Une Louisiade baroque
Véronique BERGEN, Requiem pour le roi. Mémoires de Louis II de Bavière, La Muette / Le bord de l’eau, 2011
« Si le pouvoir ne m’a jamais intéressé ni grisé, je le vénère pour la mise à l’écart des hommes qu’il implique et l’aura d’exception qu’il confère. Le seul pouvoir que je conçoive a l’éclat lisse du diamant et s’apparente davantage à l’orchestration du beau qu’au gouvernement de l’utile. » Ainsi parle Louis II de Bavière sous la plume de Véronique Bergen qui, pythie inspirée et possédée par ce prétendant au rayonnement apollinien, réinvente ses mémoires, ses phantasmes et ses folies.
Elle y met une force oraculaire qui doit autant au soufre des entrailles terrestres qu’à l’éclat de la divinité solaire. Plus de 230 pages d’une longue stance en forme de torrent baroque, élégiaque et lyrique. Le tout conçu comme une partie d’échecs, chaque chapitre débutant sur un type d’ouverture (indienne, espagnole, etc.) avec ses coordonnées chiffrées, censées annoncer ce qui sera. Jusqu’à l’échec et mat qui conclut ce Requiem pour le roi.
Sur les cases où noir et blanc donnent le ton des combats intérieurs, la cavalcade convulsive, furieuse parfois, multiplie les oxymores mentaux qui marient la lubricité la plus perverse aux rêves de lustrale virginité ou, comme dans l’amour sincère de Louis pour sa cousine Sissi, la sensualité exacerbée de l’esthète à la fatalité d’un désir autrement orienté. Reprochera-t-il assez à sa mère Marie de Hohenzollern de l’avoir fait naître avec, entre les jambes, cette chose qui nie sa féminité. Chemin faisant, on n’ignorera rien
de l’étrange façon dont il punit l’organe lors des délires sado-masochistes – aux « raffinements » imaginés sans relâche – qu’il partage avec ses amants : des valets choisis pour leur beauté et que son caprice porte aux nues ou disqualifie selon l’humeur du moment.
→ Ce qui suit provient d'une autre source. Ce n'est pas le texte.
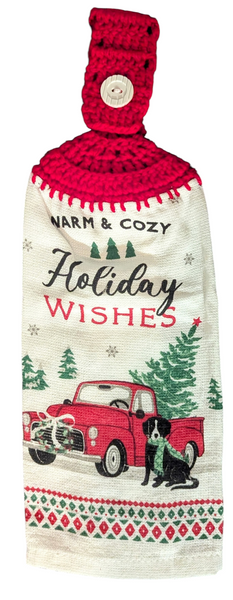 Christmas Hanging Towels - "Warm & Cozy", "Holiday Wishes"with red truck - Set of 2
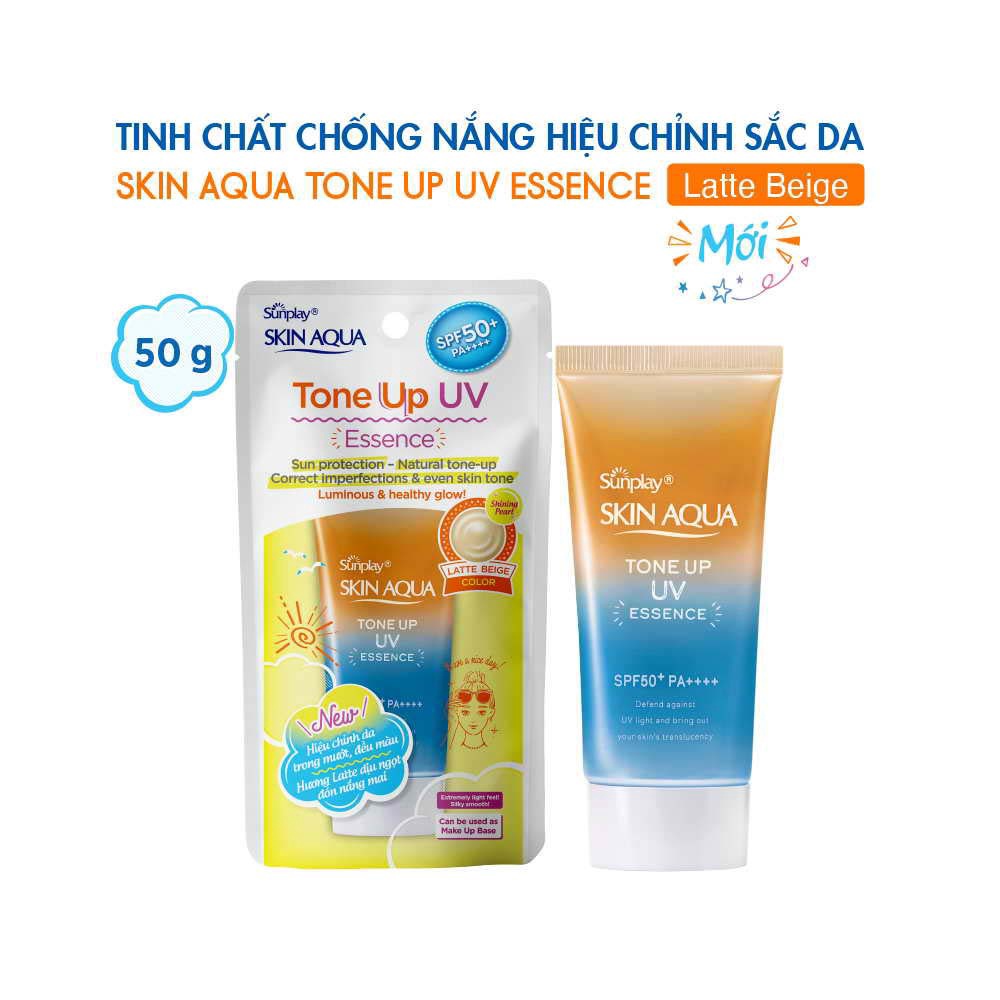 Tinh Chất Chống Nắng Sunplay Skin Aqua Hiệu Chỉnh Sắc Da Tone Up UV Latte Beige SPF50+ PA++++ 50g
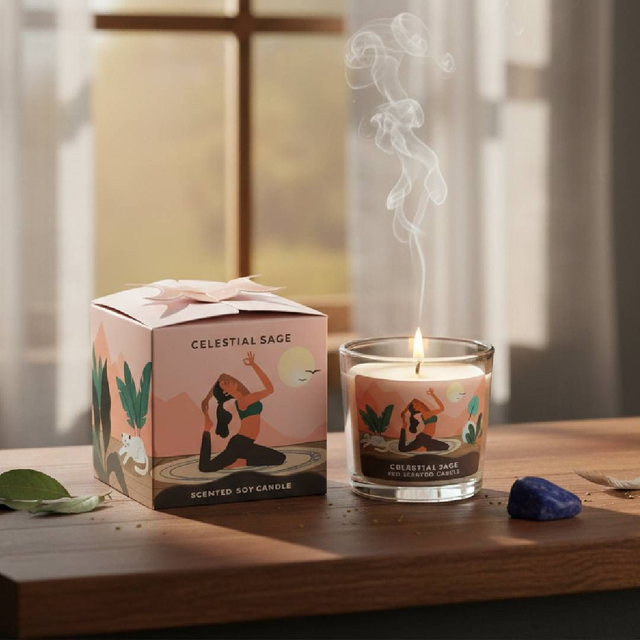 Moonshine Yoga Celestial Sage Candela in Cera di Soia 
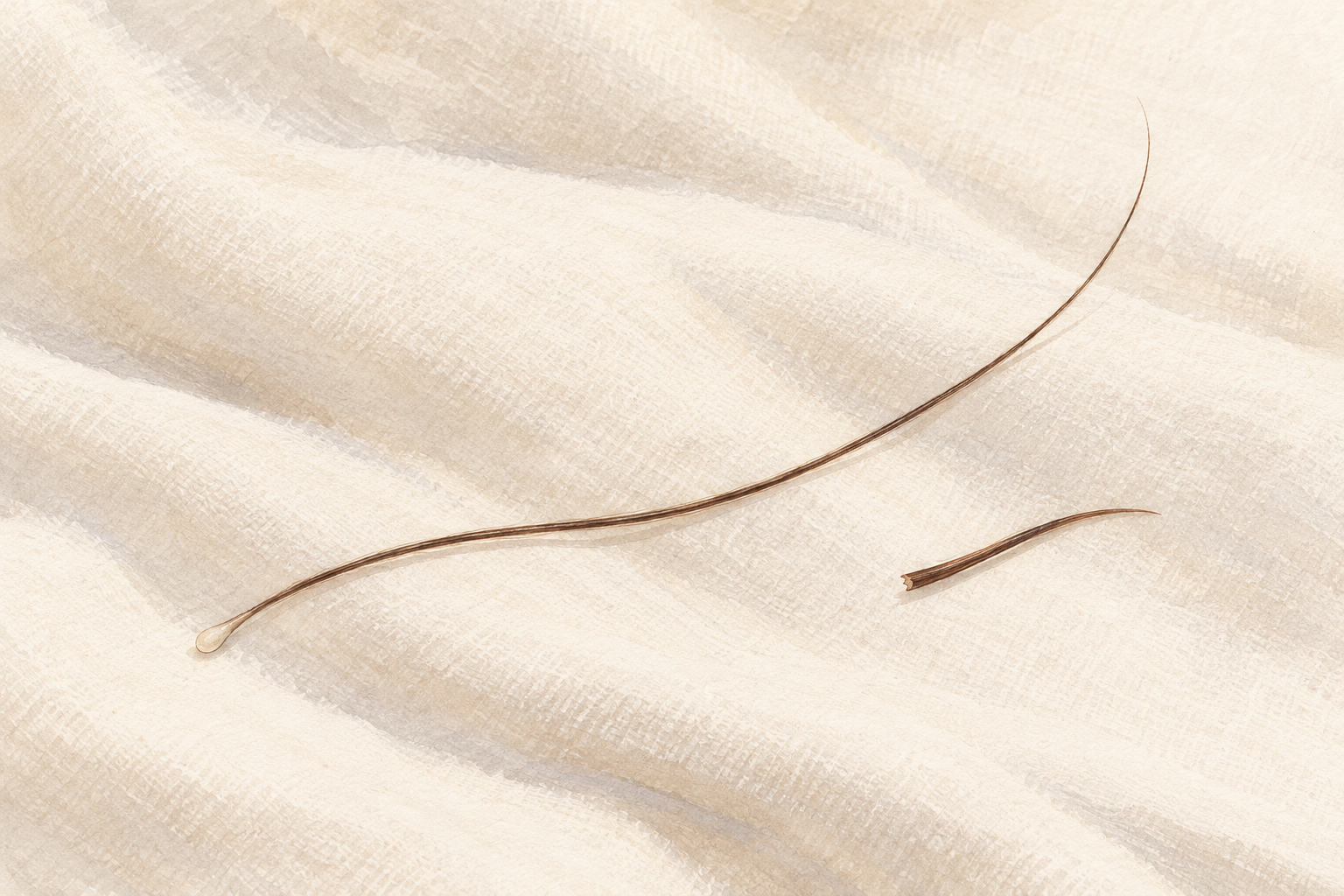 One long hair strand with a tiny pale club tip lies beside a short snapped strand on white cloth.
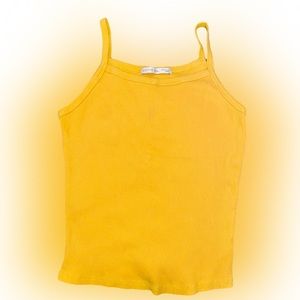 ACTIVE USA YELLOW RIBBED TANK TOP // SIZE SMALL💛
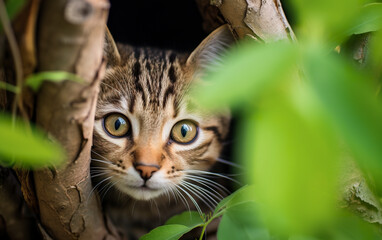 A brown cat in close-up amidst the green leaves of a tree. Cat hiding between leaves from curious eyes full of caution.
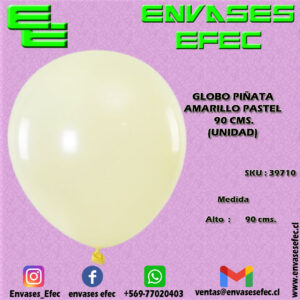 GLOBO PIÑATA AMARILLO PASTEL 90 CMS. (UNIDAD)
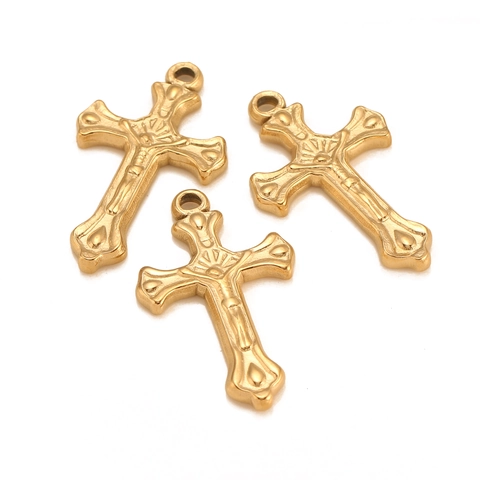 Pendentif Croix Crucifix Acier Inoxydable 304 Relief Jésus Charme Religieux Pour Fabrication Bijoux DIY Style Hip Hop Rétro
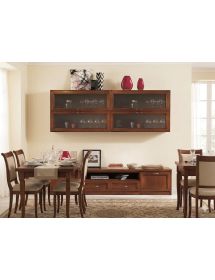 PARETE ATTREZZATA PORTA TV IN LEGNO TINTA NOCE  L.212 P.36/60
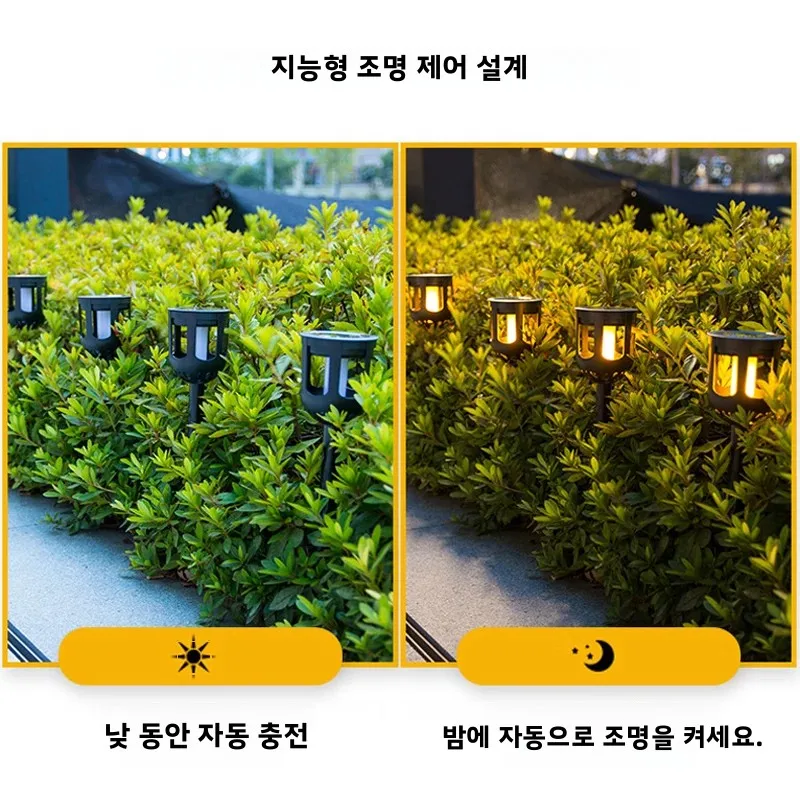 2개, 태양광 LED 조명, 실외 조명, 스마트 조명 센서 및 자동 스위치, 안뜰 및 복도에 이상적,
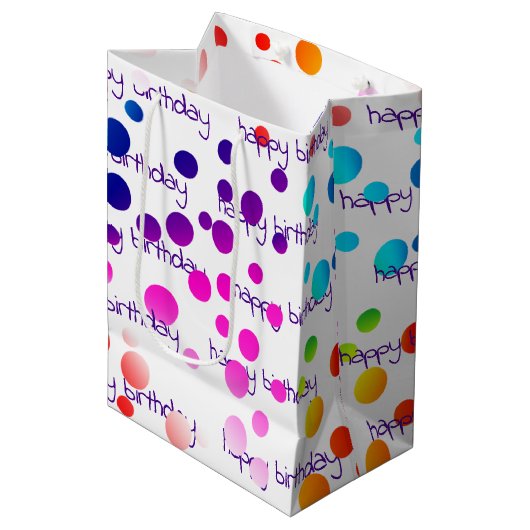 Neon Rainbow Birthday Polka Dots Medium Cadeauzakje (Voorkant Gekanteld)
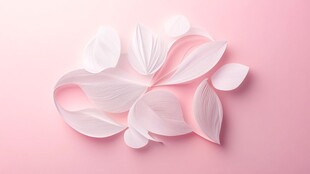 粉色背景上的轻盈白色花瓣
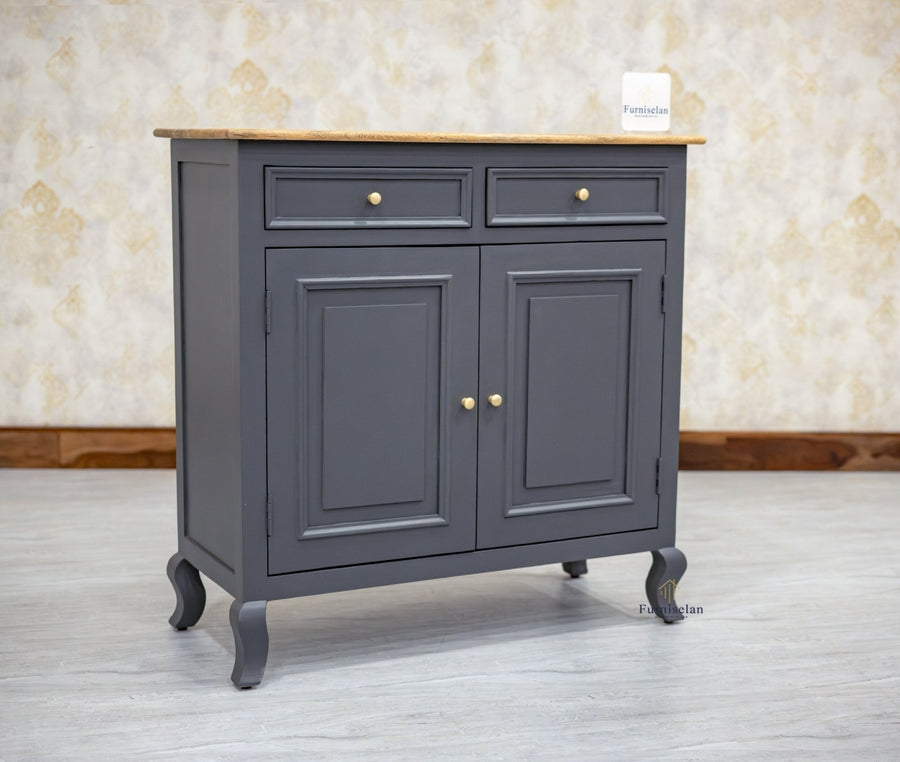 Mumbai Solid Wood Shoe Rack Cabinet Two Doors & Drawers - Sideboard - Furniselan-Slate-Grey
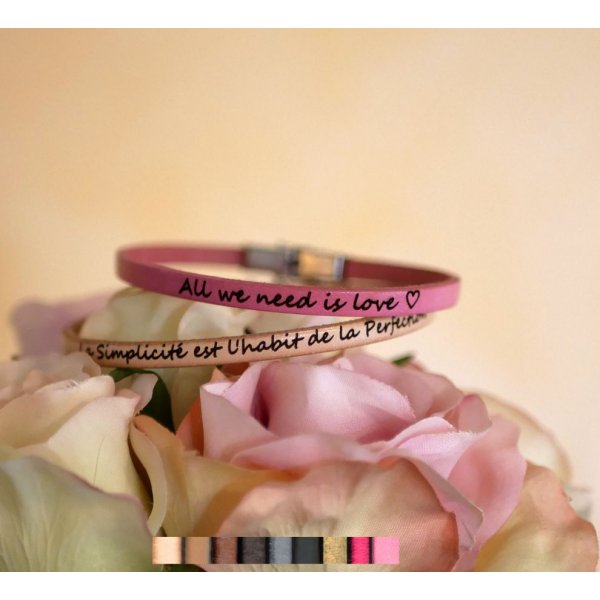 Bracelet femme personnalisable en cuir fin empilable 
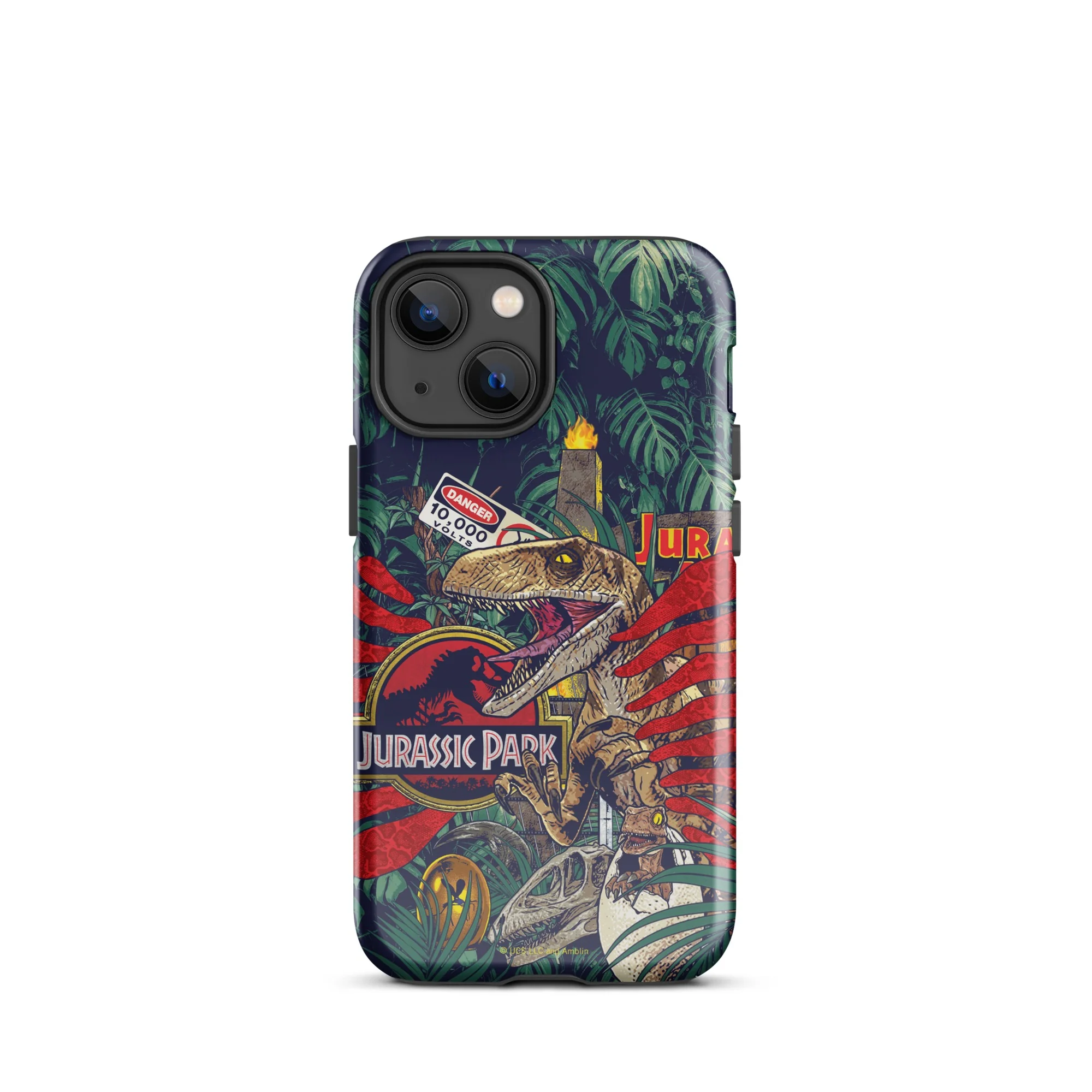 Jurassic Park Jungle Collage iPhone Tough Phone Case - Image 17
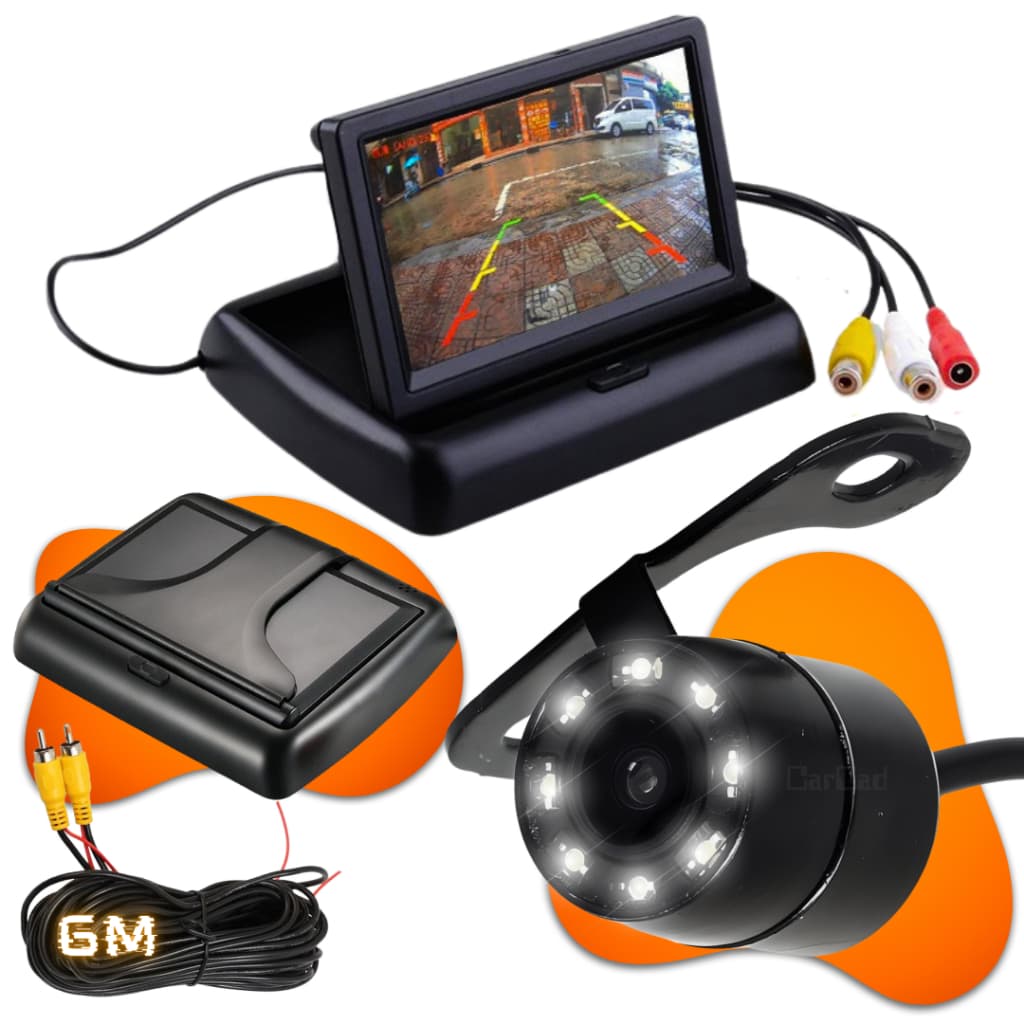 Câmera de ré visão noturna + Tela monitor retrátil 4.3 polegadas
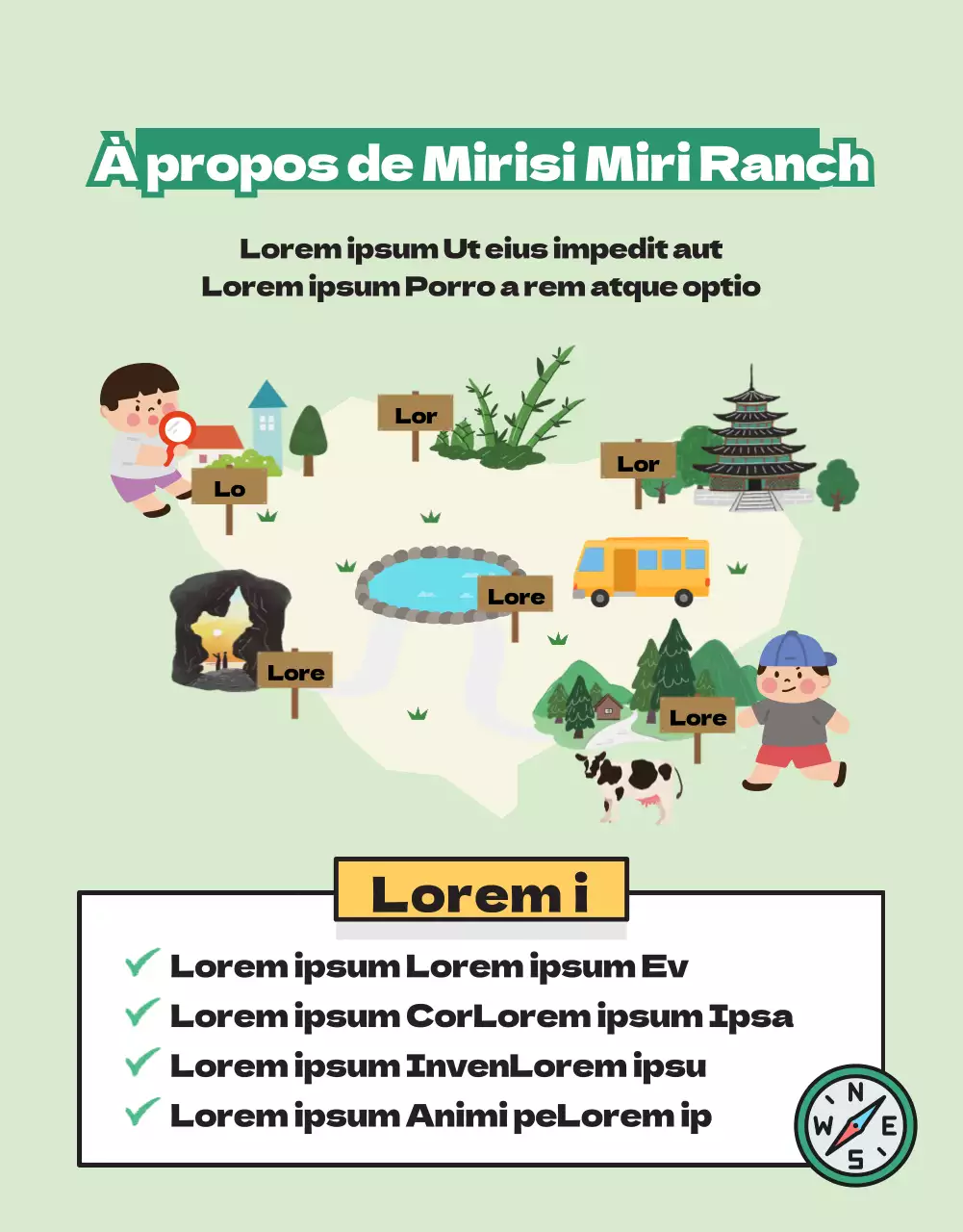 Présentation de l'expérience illustrée du ranch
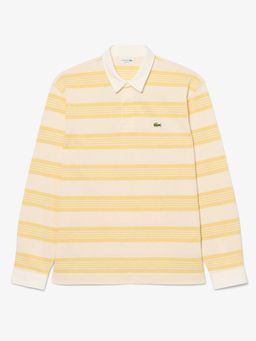 Lacoste - Men White Relaxed Fit Striped Pique Rugby Polo Shirt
Quant à la bien-aimée Sissi, il la verra « revenue dans l’existence » lorsque « son corps trop léger s’est ancré dans un corps féminin ». Celui d’une écuyère de cirque nommée Élise Renz « aussi nerveuse et dansante qu’un pursang». Bien entendu ces mémoires d’un roi faufilent forcément l’Histoire et en l’occurrence les convulsions propres à cette époque où les monarchies sont largement remises en cause. Et celle de Louis II en particulier dont la couronne de Bavière vacille sous la pression de la Prusse et du rêve d’unification de
Bismarck. Il faudra bien que le Roi-Fleur se soumette : « Pour rester Bavarois, dira-t-il, il faut devenir Allemand.» Ou encore : « Il n’est plus de place pour nous sur aucune page du livre de l’Histoire ; le règne des bourgeois et de l’argent, le règne maudit de l’or nous détrône ; l’aigle et le serpent de Zarathoustra font place au chameau sidérurgique, à l’araignée boursicotière (…) la fanfare des canons étouffe déjà la flûte enchantée. » Mais ce que veut l’Histoire, il l’encourage aussi par des excès ruineux, comme ces châteaux de légende qu’il transforme ou édifie à l’aune de sa démesure, ou ses dépenses en faveur du « divin » Richard Wagner, notamment pour la construction de son Festspielhaus de Bayreuth. Jusqu’à ce que la raison d’État du nouvel empire allemand et le rapport accablant des psychiatres condamnent le roi déchu à l’internement au château de Berg où se joue le dernier acte : la noyade énigmatique dans le lac de Starnberg de Louis et de son gardien-psychiatre von Gudden, dont Véronique Bergen entonne la version la plus romantique. Celle de la strangulation de von Gudden par Louis qui se noie ensuite alors qu’il tentait de fuir à bord d’une barque
mise secrètement à sa disposition par la fidèle Sissi.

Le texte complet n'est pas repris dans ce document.